La Real Balompédica Linense encajó este domingo su cuarta derrota consecutiva tras caer por 0-1 ante el Águilas FC en un encuentro que terminó con los aficionados locales volviéndose hacia el palco entre reproches y desilusión. Un gol de Hyeon Jun Park al comienzo de la segunda mitad bastó para que los visitantes se llevaran los tres puntos del Ciudad de La Línea, dejando al equipo de Romerito cada vez más hundido y sin rumbo.

Pero el ambiente de ilusión, con una de las mejores entradas de la temporada, pronto se convirtió en frustración ante una Balona sin chispa ni soluciones ofensivas.

En una primera parte trabada, con más tensión que juego, los linenses apenas generaron dos ocasiones: una volea desviada de Joao Pedro y un disparo ajustado de Carlos León que rozó el poste. El Águilas, sin grandes alardes, fue poco a poco ganando metros y avisando con disparos desde fuera del área.

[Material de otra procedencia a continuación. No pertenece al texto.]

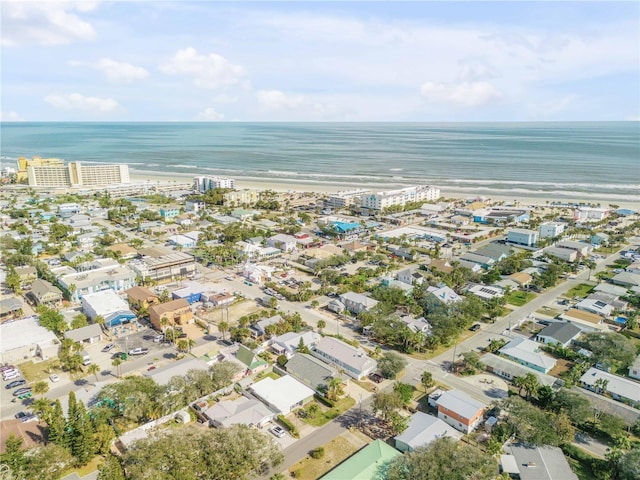 drone / aerial view featuring a water view and a view of the beach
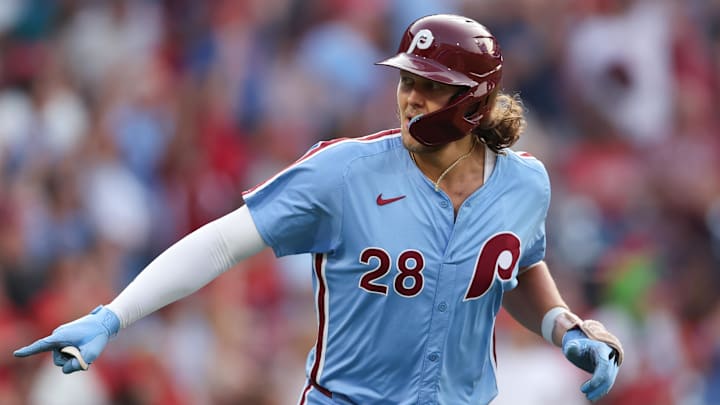 Aug 15, 2024; Philadelphia, Pennsylvania, USA; Philadelphia Phillies third base Alec Bohm (28) reacts after hitting a three-run home run during the first inning against the Washington Nationals at Citizens Bank Park.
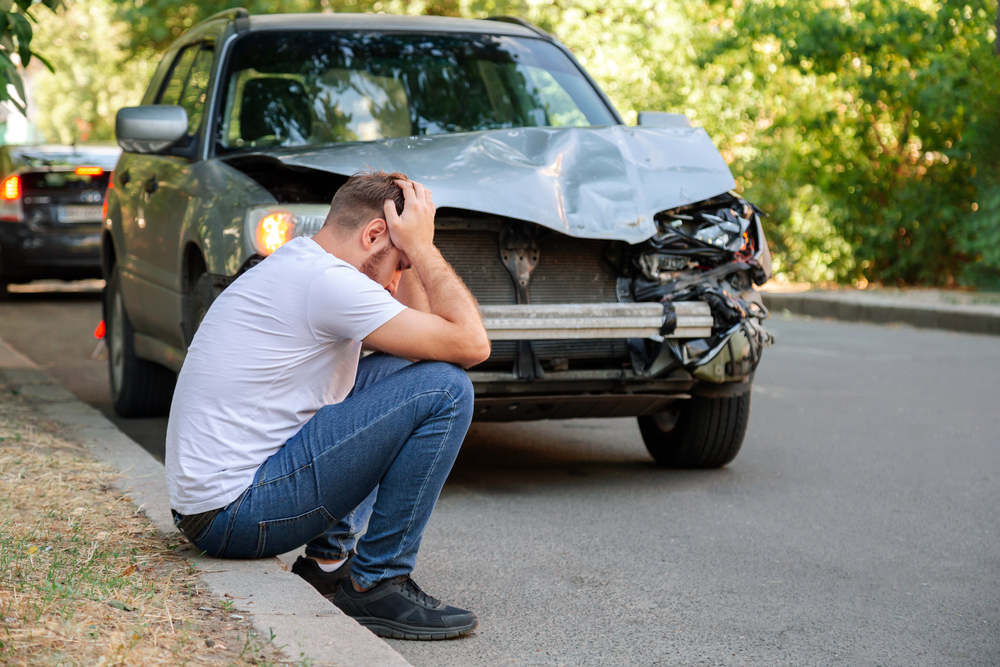 A man stands by his damaged car after an accident, holding his head in frustration and regret.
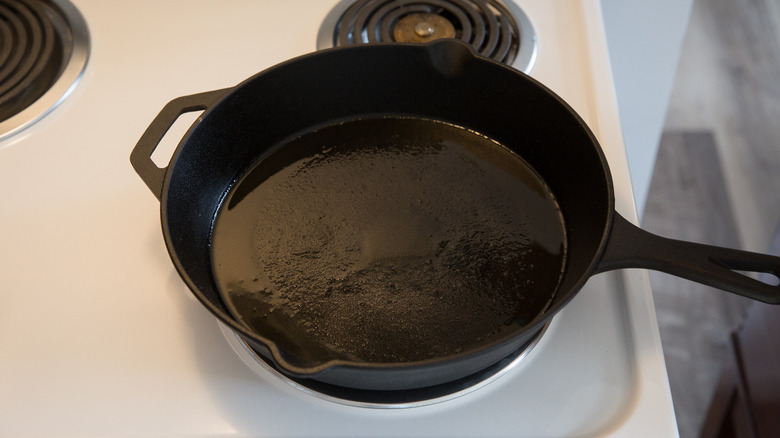 oil heating in iron pan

Nada más arrancar el segundo tiempo, en el minuto 50, el coreano Hyeon Jun Park recogió el balón en campo propio, avanzó sin oposición y su disparo —tras golpear en un defensor albinegro— despistó a Álex Lázaro. El tanto, aunque fortuito, castigaba la pasividad de la Balona, que nunca supo incomodar a un rival bien plantado atrás.

Pese a que el técnico local movió el banquillo buscando una reacción con hasta cinco sustituciones, el equipo no logró romper el muro visitante. Solo una acción de Jack Harper a balón parado encendió la esperanza, pero el remate fue sacado por Buigues con una parada antológica. Los linenses pidieron gol fantasma, pero el árbitro no concedió nada.

Con el paso de los minutos, la desesperación se apoderó de los jugadores y del público. La falta de ideas en ataque, el escaso empuje y la sensación de apatía general terminaron por enfadar a una grada que, tras el pitido final, dirigió sus reproches al palco. Un grito enrabietado de una afición que ve cómo su equipo se acerca peligrosamente al pozo de la Tercera Federación sin mostrar señales de recuperación.